Exactly the same as connect, but it connects UAV buffers instead of textures.

Example:

//Connect nodeA to nodeB
//A's output channel 0 ==> B's input channel 1
//A's output channel 1 ==> B's input channel 2
//A's output channel 2 ==> B's input channel 0
connect_buffer nodeA 0 1 2 nodeB 1 2 0
//Connect nodeA to nodeB
//A's output channel 0 ==> B's input channel 0
//A's output channel 2 ==> B's input channel 1
connect_buffer nodeA 0 2 nodeB 0 1
//Connect nodeC to nodeB
//C's output channel 3 ==> B's input channel 1
connect_buffer nodeC 3 nodeB 1

connect_buffer_external

connect_buffer_external <external_channel #> <node_name> <input_channel #>

Connects multiple external UAV buffer. External UAV buffers are provided when instantiating the Workspace via addWorkspace in C++.

It is possible for a Workspace to not use this variable (though rather pointless)

Parameters
external_channelThe index to the external UAV buffer passed to addWorkspace.
node_nameThe name of the Node that will receive the external UAV
input_channelThe number of the input channel from node_name.

Example:

//Pass the external UAV to nodeA through channel #0
connect_buffer_external 0 nodeA 0
//Pass the external UAV to nodeB through channel #0
connect_buffer_external 0 nodeB 0
//Pass a second external UAV to nodeB through channel #1
connect_buffer_external 1 nodeB 1

Data dependencies between nodes and circular dependencies

The Compostor will solve data dependencies and reorder node execution as necessary. It will also detect some circular dependencies (i.e. node A connecting to A; A connecting to B and B connecting to A) report the error and refuse to initialize the workspace, but it may not detect more complex cases (i.e. node A connecting to B, B to C, C to D, D to B) and attempting execution could result in crashes or graphical glitches.

If you happen to encounter a circular dependency that is not reported by Ogre, we would be intereste in knowing more about it. You can submit your bug report to JIRA

Setting up code

Initializing the workspace

To create the workspace, just call the following function with the name of the workspace:

CompositorManager2 *compositorManager = mRoot->getCompositorManager2();
compositorManager->addWorkspace( mSceneMgr, mWindow, mCamera, "MyOwnWorkspace", true );

You can have more than one Workspace instance of the same Workspace definition.

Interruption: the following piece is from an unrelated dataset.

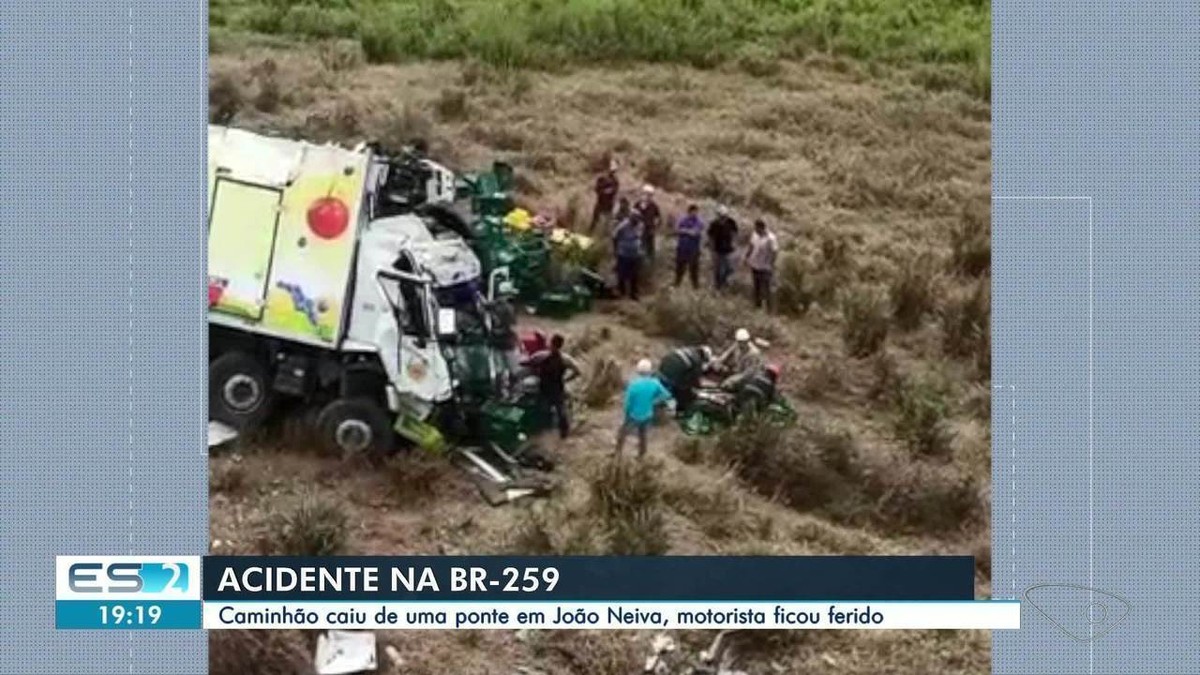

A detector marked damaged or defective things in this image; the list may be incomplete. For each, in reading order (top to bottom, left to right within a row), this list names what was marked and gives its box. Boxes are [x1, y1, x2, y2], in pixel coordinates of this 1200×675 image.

crashed truck [206, 124, 556, 500]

This is mostly useful if you're trying to render to two or more different RTs (i.e. two Render Windows, a RenderWindow and an offscreen RTT, etc) or if you want to use completely different SceneManagers.

Simple bootstrap for beginners

If you're a user that doesn't want to deal with compositor nodes, you're a beginner, or you're in a rush, there is an utility function that will help you set up a basic workspace and a compositor node to render the whole scene:

const IdString workspaceName( "MyOwnWorkspace" );
CompositorManager2 *compositorManager = mRoot->getCompositorManager2();
if( !compositorManager->hasWorkspaceDefinition( workspaceName ) )
compositorManager->createBasicWorkspaceDef( workspaceName, ColourValue( 0.6f, 0.0f, 0.6f ) );
compositorManager->addWorkspace( mSceneMgr, mWindow, mCamera, workspaceName, true );

The workspace created by the utility function is equivalent to the following compositor script:

compositor_node MyOwnWorkspace_Node
{
in 0 renderwindow
target renderwindow
{
pass render_scene
{
load
{
all clear
clear_colour 0.6 0 0.6 1
}
rq_first 0
rq_last max
}
}
}
workspace MyOwnWorkspace
{
connect_output MyOwnWorkspace_Node 0
}

Advanced C++ users

Advanced C++ users who want to deal with the CompositorManager2 directly, may find the information in this section useful.

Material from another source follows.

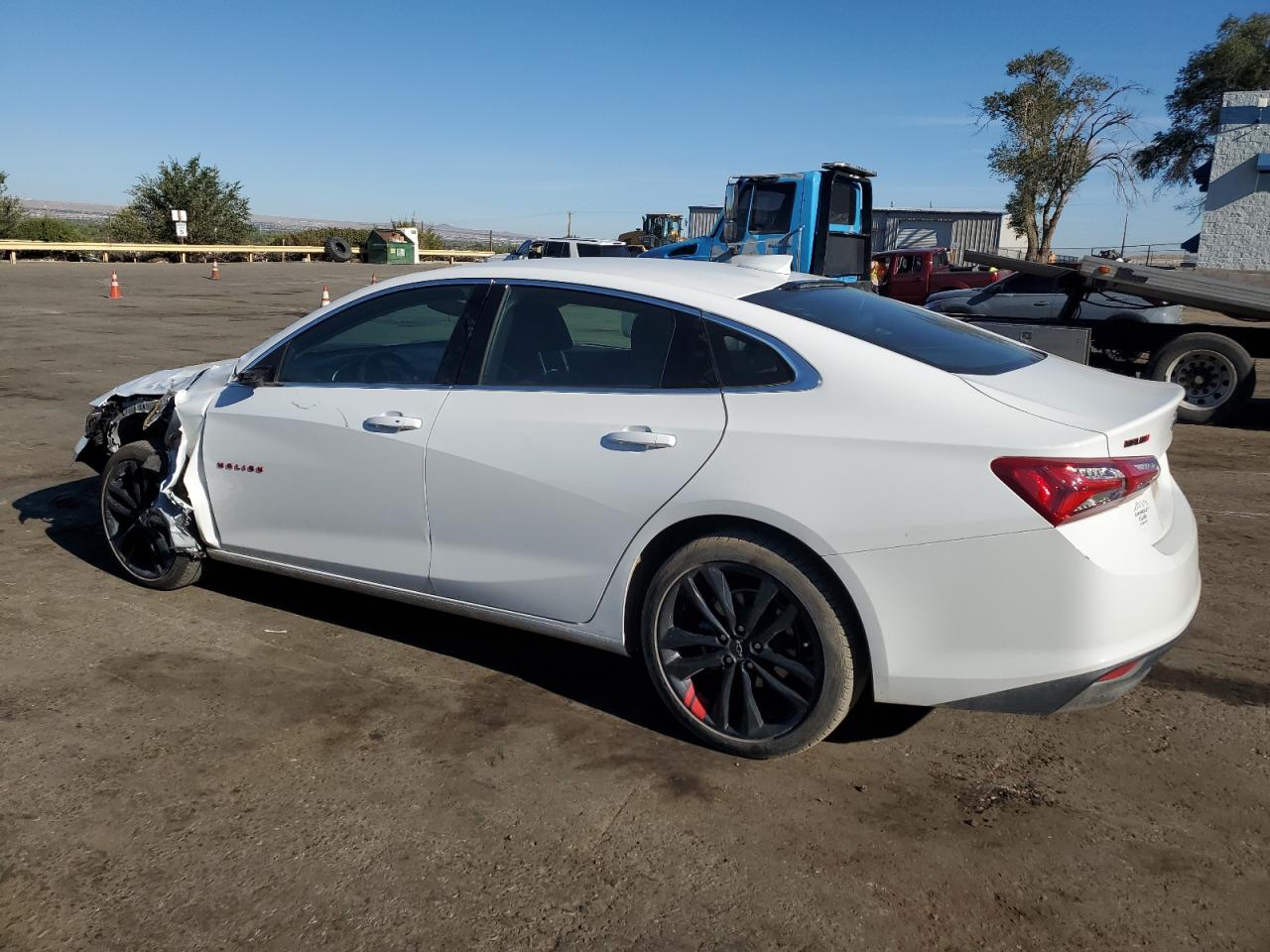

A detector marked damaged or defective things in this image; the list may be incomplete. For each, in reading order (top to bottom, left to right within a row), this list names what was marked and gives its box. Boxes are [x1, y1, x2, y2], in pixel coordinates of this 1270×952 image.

The CompositorManager2 uses a C++ pattern where there is an object Definition and an instance. For example; there is a class called CompositorPassSceneDef and a class called CompositorPassScene. The former is the definition, while the latter is the instance.

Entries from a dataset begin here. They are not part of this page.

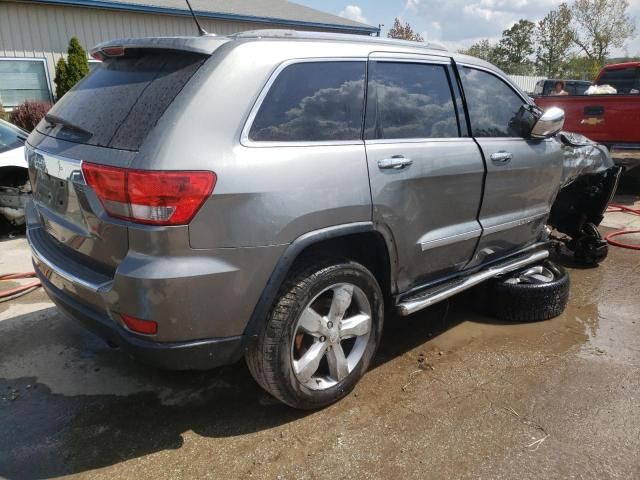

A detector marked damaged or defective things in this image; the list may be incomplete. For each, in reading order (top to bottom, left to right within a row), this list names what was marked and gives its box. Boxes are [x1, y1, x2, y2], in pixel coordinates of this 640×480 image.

exposed wheel well [288, 232, 392, 296]
detached wheel [490, 260, 568, 324]
detached wheel [248, 258, 382, 408] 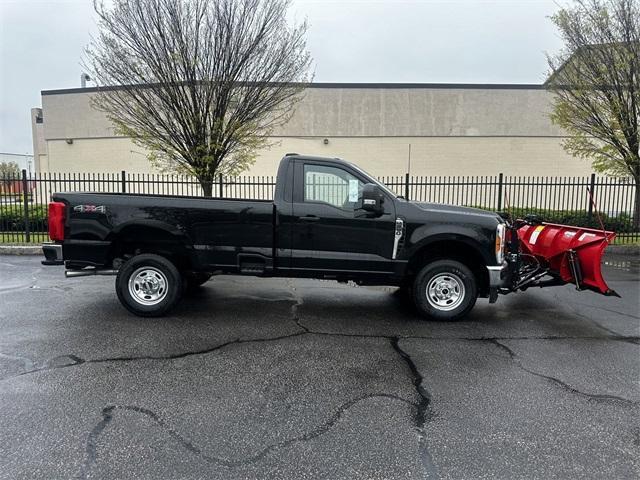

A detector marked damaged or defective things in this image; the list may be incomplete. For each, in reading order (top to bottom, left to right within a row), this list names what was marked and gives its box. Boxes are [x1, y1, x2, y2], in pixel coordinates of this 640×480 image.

parking lot crack [488, 340, 636, 406]
parking lot crack [79, 394, 416, 476]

All instances share the same definition and have only read-access to them. Modifying the shared definition while there are instances active is undefined and could happen anything ranging from what the user expected, to glitches, crashes, or memory leaks. Only by analyzing the code it is possible to determine which changes are likely to be "safe" (like changing the visibility mask) and which ones require the instance to be destroyed and recreated.

The syntax of the compositor scripts translate almost 1:1 to definitions, rather than instances. Probably the most notable difference is that NodeDefs contain CompositorTargetDef, and these contain CompositorPassDef; while the instances, Targets and Passes are joined together, thus Nodes contain CompositorPasses directly.

Because the CompositorManager2 is still very new, we admit real time changes to nodes (especially channel connections) can be a bit troublesome to deal with unless destroying everything and recreating it, which could be suboptimal for live editing nodes.

We would love to hear your developer feedback on the forums regarding live editing the nodes and further improve the Compositor.

Stereo and Split-Screen Rendering

Rendering in Stereo ala Occulus Rift™ (or splitting the screen in multiple sections for multiplayer) has been made easier with the introduction of execution and viewport masks.

Normally, to render to the left side of the screen and then to the right side; you would need to create a clear pass to clear the whole render target, and two passes render_scene passes with different viewport settings, one for each eye.

With execution and viewport modifier masks, you no longer need to duplicate the number of passes per region of screen you want to draw to. You will have to create a workspace for each region though (i.e. one workspace per eye).

Per-Workspace offset and scale

Each workspace contains an offset and scale to be applied to each pass; passed as a Vector4 to CompositorManager2::addWorkspace. The XY components contain the offset, the ZW contain the scale.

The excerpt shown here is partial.